Locating a robots.txt file
Your robots.txt file is public information. Although the search engines are unable to crawl it, you can see any website's robots.txt by going to their domain and following it with a /robots.txt
Using a tool like Unamo SEO's Optimization section, you can also type in any domain and it will tell you if a robots.txt file is already in place.
Reasons for using a robots.txt file
You should create a robots.txt file if:
- you have out-of-date or sensitive content that you do not want to be crawled
- you do not want for the images on your site to be included in the image search results
- you want to point the crawler easily to your sitemap
- your site is not ready yet and you do not want the robot to index it before it’s fully prepared to be launched
Please bear in mind that the information you want the crawler to avoid is accessible to everyone that enters your URL. Do not use this text file to hide any confidential data.
Facebook has a lot of information that they do not want crawled by different search engines. Their robots.txt file is rather extensive, take a look:
Creating a robots.txt for your website
Most CMS programs, like Wordpress, already have a robots.txt file in place. Check out their FAQ's to figure out how to access it. If you are creating a robots.txt yourself, follow the tips listed in this article.
The robots.txt file should be:
- written with lowercase
- used with UTF-8 encoding
- saved in a text editor; therefore, it is saved as a text file (.txt)
If you’re doing the file yourself, and you’re not sure where to place it exactly, you can either:
- Contact your web server software provider to ask how to access your domain’s root
- Go to Google Search Console and upload it there
With Google Search Console, you can also test if your robots.txt was properly done and check which sites were blocked with the use of the file. If you submit the document in Google Search Console, the updated document should be crawled almost immediately.
You can access the robots.txt Testing Tool here.
An example of a robots.txt
The basic format of the robots.txt is the following:
# You can add comments, which are only used as notes to keep you organized, by preceding them with an octothorpe (#) tag. These comments will be ignored by the crawlers along with any typos that you happen to make.
User-agent - Tells which crawler the instructions on the robots.txt file are meant for.
- Adding an asterisk (*) - you are telling all crawlers that the instructions are meant for all of them
- Specifying a bot (e.g.
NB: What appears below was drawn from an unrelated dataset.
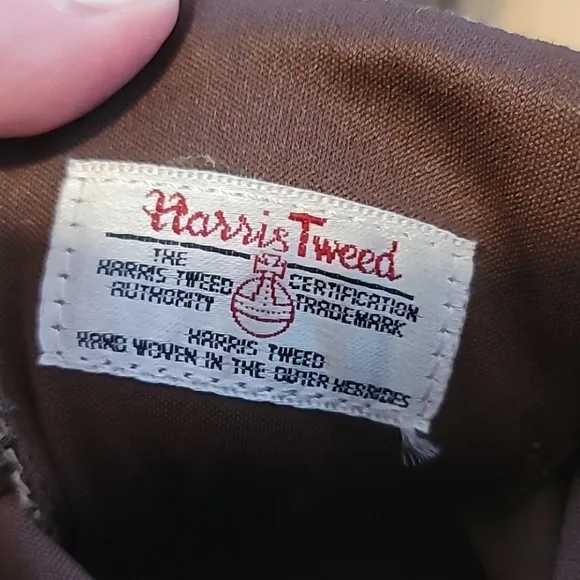 Timberland x Harris Tweed Bramhall Leather Boots Size 7.5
Googlebot, Baiduspider, Applebot, etc.) - you are telling that specific bot that the instructions are meant for them.
Disallow - Tells the crawlers which parts of a website you don’t want crawled.
Some disallow examples:
- Disallow: /
You disallow crawling of everything
You allow the crawler to crawl everything
- Disallow: /xyz/
You disallow crawling of a folder /xyz/
- Disallow: /xyz
You disallow crawling of a folder that starts with the letters ‘xyz’, so it can be /xyz/, /xyzabc/, /xyzabc_photo/ etc
- Disallow: /.xyz
You disallow crawling folders that start with .xyz
- Disallow: /*.xyz
You disallow crawling folders that contain .xyz
- Disallow: /.xyz$
You disallow crawling folders that end with .xyz
Allow - Tells the crawlers which parts of the just disallowed content is allowed to be crawled.
- Allow: /xyz/abc.html
Crawler is allowed to crawl one of the files in the folder, here: file /abc/ in folder /xyz/)
Sitemap - Tells all the crawlers where your sitemap’s URL can be found. This increases the speed at which you site map is crawled. Adding this is optional.
Please bear in mind that:
Names of folders are case sensitive, i.e. /xyz/ /XYZ/
/xyz/ is more specific than /xyz, therefore use the first one whenever possible to be as precise as possible.
A correctly created robots.txt file is important
A robots.txt should be used together with a robots meta tag. Remember to use both of them carefully. Otherwise, you might end up with a website that will never appear in the SERPs.